**Problem to work on**
Exactly and only the lines from the first entry through the line with "Paranormaler Spaß der" should be copied, both ends included, with no pictures.

Dataset entries
- Opening Delimiter -

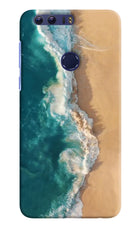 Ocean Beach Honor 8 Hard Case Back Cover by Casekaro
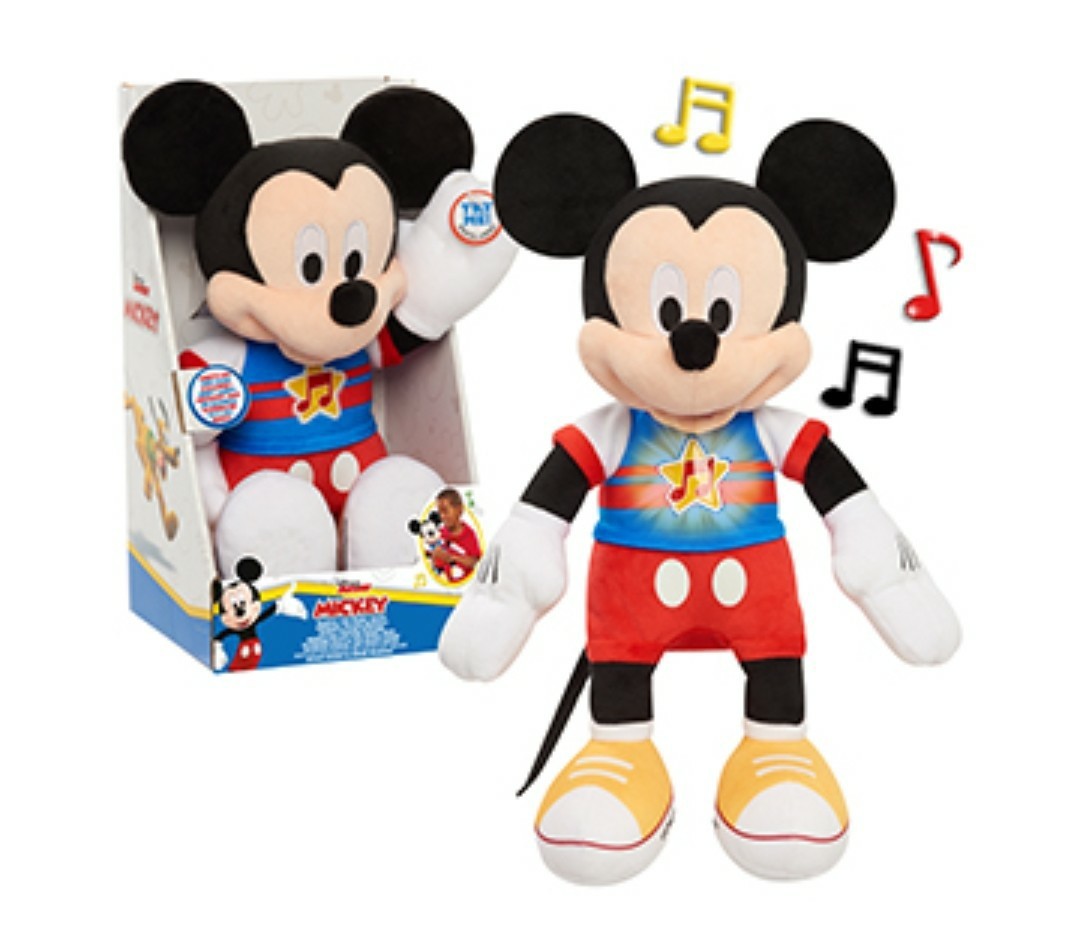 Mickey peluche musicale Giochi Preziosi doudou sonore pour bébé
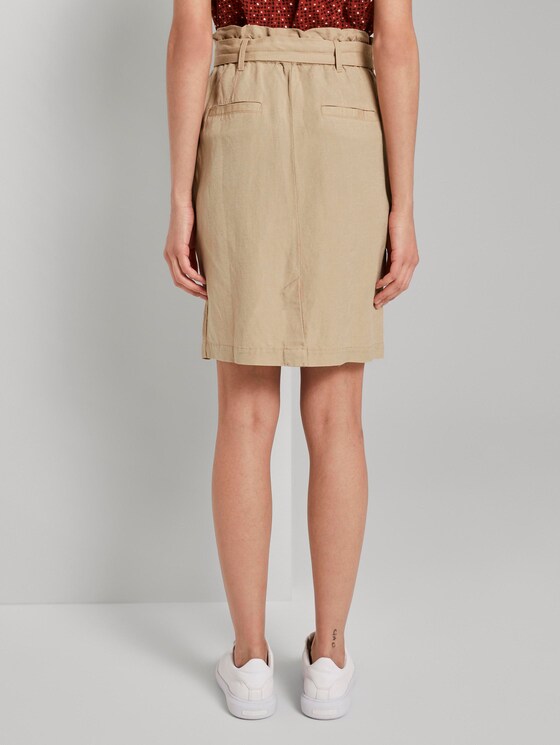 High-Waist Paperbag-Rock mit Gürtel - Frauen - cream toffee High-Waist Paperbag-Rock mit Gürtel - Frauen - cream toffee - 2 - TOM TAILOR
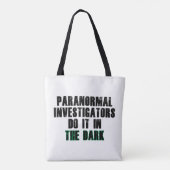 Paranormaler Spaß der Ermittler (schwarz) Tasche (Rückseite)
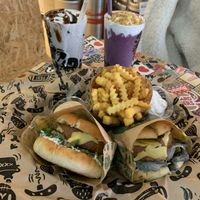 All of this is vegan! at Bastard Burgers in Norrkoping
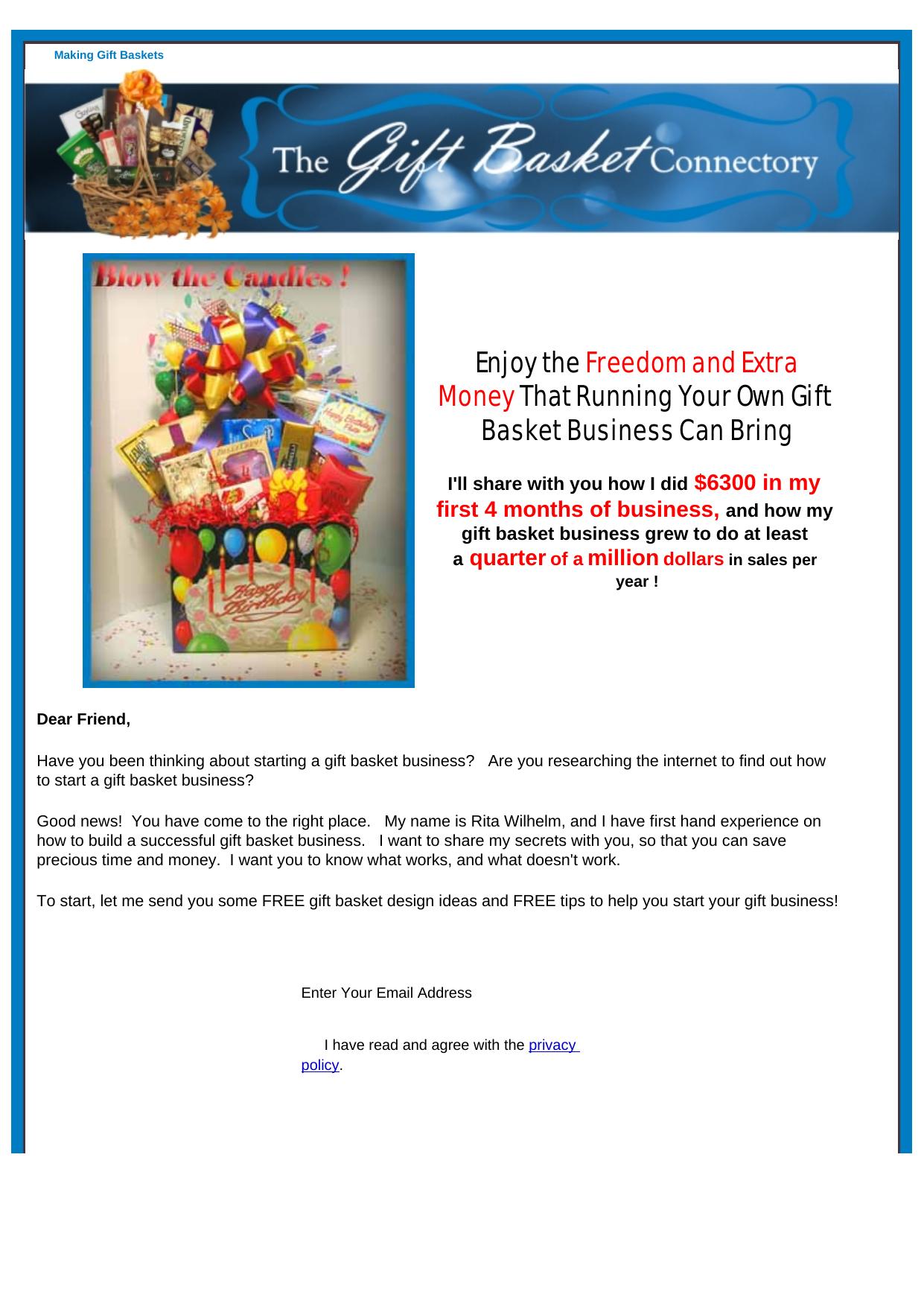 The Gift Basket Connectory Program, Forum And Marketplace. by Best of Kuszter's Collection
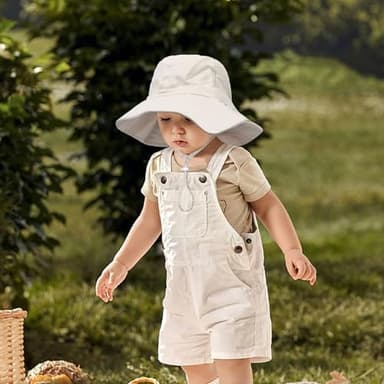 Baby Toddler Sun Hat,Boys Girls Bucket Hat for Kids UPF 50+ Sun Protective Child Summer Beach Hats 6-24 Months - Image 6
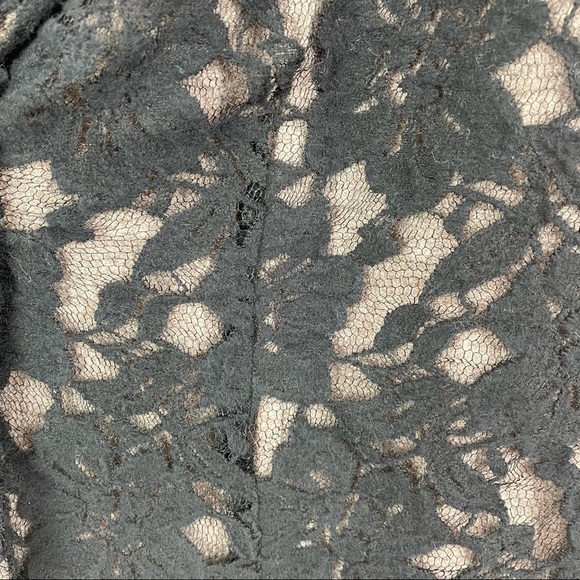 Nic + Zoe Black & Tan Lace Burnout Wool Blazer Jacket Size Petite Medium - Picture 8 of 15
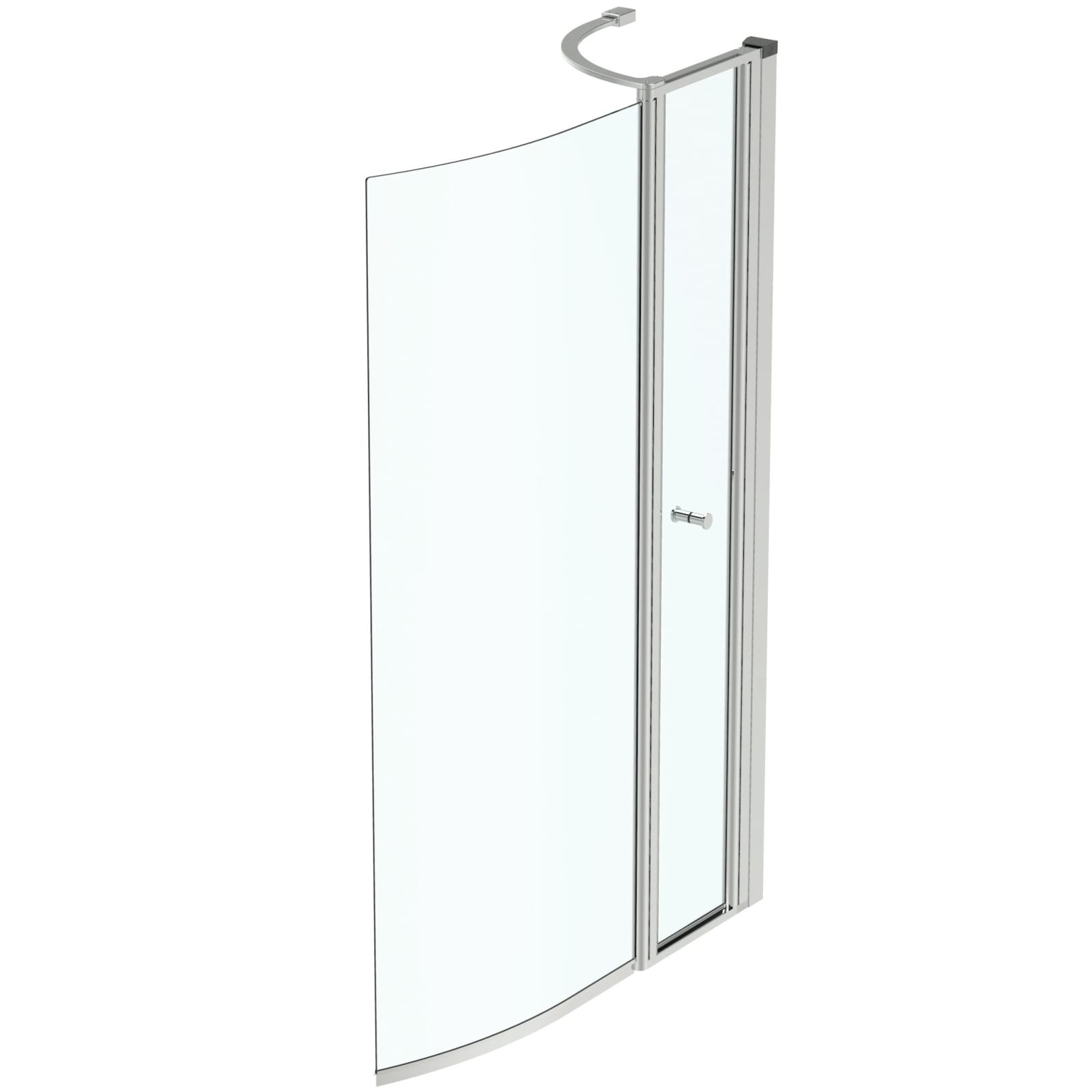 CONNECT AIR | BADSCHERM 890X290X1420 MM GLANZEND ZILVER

- Closing Delimiter -

**Written answer**
 Ocean Beach Honor 8 Hard Case Back Cover by Casekaro
 Mickey peluche musicale Giochi Preziosi doudou sonore pour bébé
 High-Waist Paperbag-Rock mit Gürtel - Frauen - cream toffee High-Waist Paperbag-Rock mit Gürtel - Frauen - cream toffee - 2 - TOM TAILOR
 Paranormaler Spaß der Ermittler (schwarz) Tasche (Rückseite)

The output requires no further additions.